The serology test for Fasciola infection in humans has been used to detect antigen or antibodies. The antigen can be detected in the serum of the patients, where most of the circulating antigens have an immune complex form. Utilizing polyclonal antibodies against proteins in a sandwich ELISA system for the diagnosis of human fascioliasis achieved a diagnostic efficacy of 95.52% for coproantigen (sensitivity of 96.4% and specificity of 94.8) and 87.93% (sensitivity of 94.74% and specificity of 84.62%) for detecting circulating antigen. A dot-ELISA, using the 27-kDa antigen of Fasciola gigantica, had 98.2% sensitivity and 100% specificity in the diagnosis of human fascioliasis [9].

Treatment of human fascioliasis is difficult.
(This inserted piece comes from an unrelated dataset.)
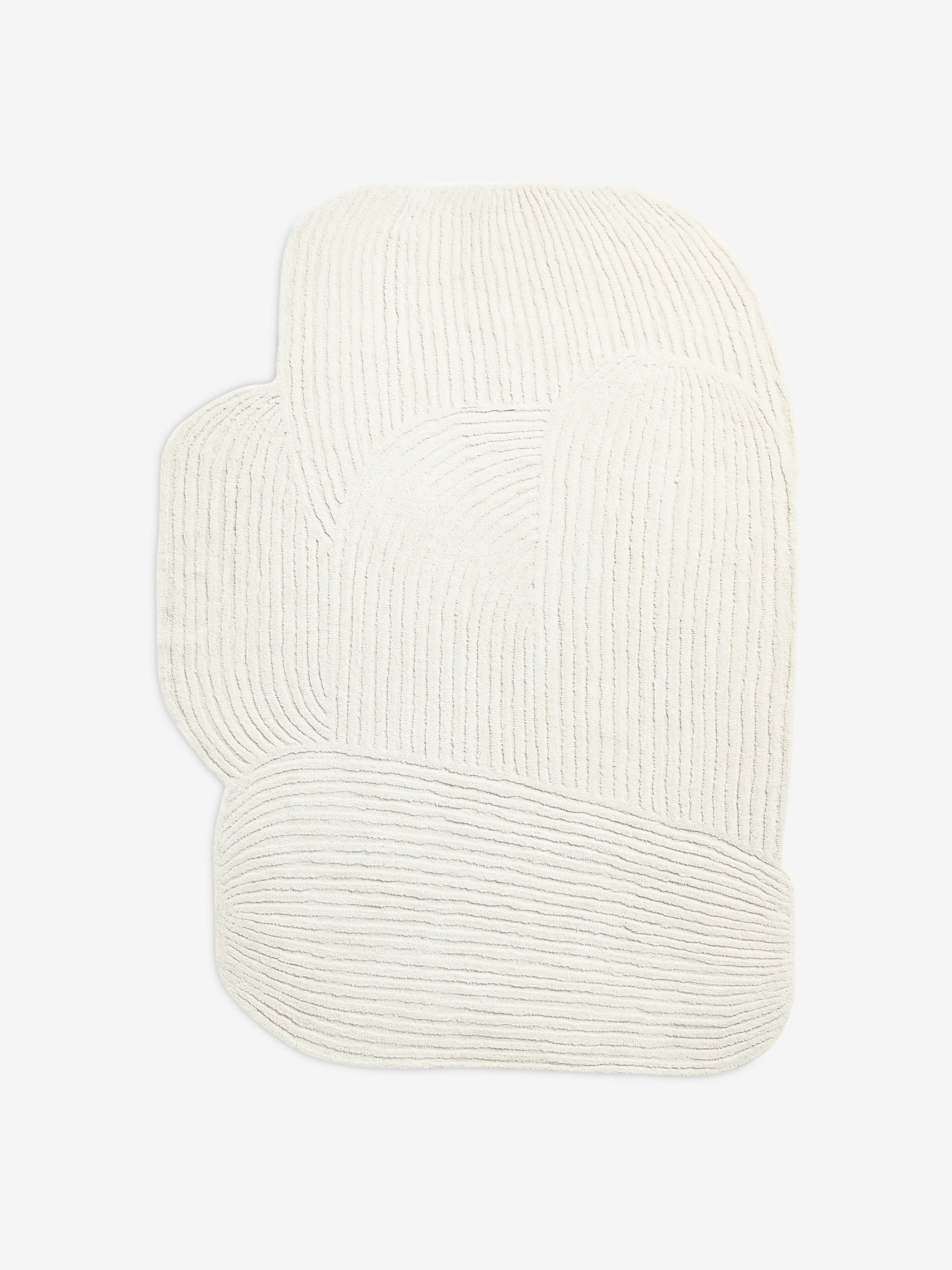 Casey Wool Tufted Rug in Natural - Image 5 of 5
Single oral dose of triclabendazole (10 mg/kg body weight/day) is the drug of choice for its effectiveness against both adult and immature worms [10]. The mechanism of the drug involves an inhibitory effect on Fasciola hepatica synthesis of its tegumental ultra-structure with an active sulfoxide metabolite [11]. This treatment is reportedly effective in about 80–90% of patients and is well tolerated [12]. The biliary phase involves a combination of ERCP with removal of all foreign body in the biliary tract and medication.
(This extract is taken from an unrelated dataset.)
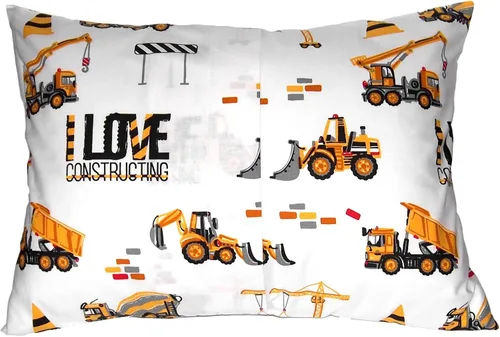 Miniatura 2 de Funda de almohada para niños pequeños de 13 x 18 pulgadas de algodón - Fundas de almohada para niños pequeños para viajar, almohadas de tractor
We reported a rare case of a multiple intraductal dead Fasciola hepatica causing severe ascending cholangitis and distal biliary stricture. Successful treatment was achieved by endoscopic removal the fluke followed by single oral dose triclabendazole.

Statement of Ethics

This case report was approved by the Ethic Committees of Faculty of Medicine, Prince of Songkla University, and written informed consent was obtained from the patient. The committees use Declaration of Helsinki ethical principles and the International Conference on Harmonization in Good Clinical Practice.
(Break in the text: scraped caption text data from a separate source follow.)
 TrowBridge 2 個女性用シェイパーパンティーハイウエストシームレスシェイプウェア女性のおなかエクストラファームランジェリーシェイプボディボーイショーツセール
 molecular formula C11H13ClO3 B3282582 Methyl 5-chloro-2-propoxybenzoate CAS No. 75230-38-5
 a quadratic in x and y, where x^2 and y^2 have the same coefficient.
Written informed consent was obtained from the patient for publication of this case report and any accompanying images. A copy of the written consent is available for review by the Editor-in-Chief of this Journal.

Disclosure Statement

The authors declare that they have no competing interests.

Funding Sources

None.

Author Contributions

T.P. and W.R. were responsible for the study concept and design, data collection, discussion, conclusion, and drafting of the manuscript. T.P. and T.Y. reassessed the contents and English grammar of the manuscript. T.P. and B.O. supervised the whole process of the study. All authors read and approved the final manuscript.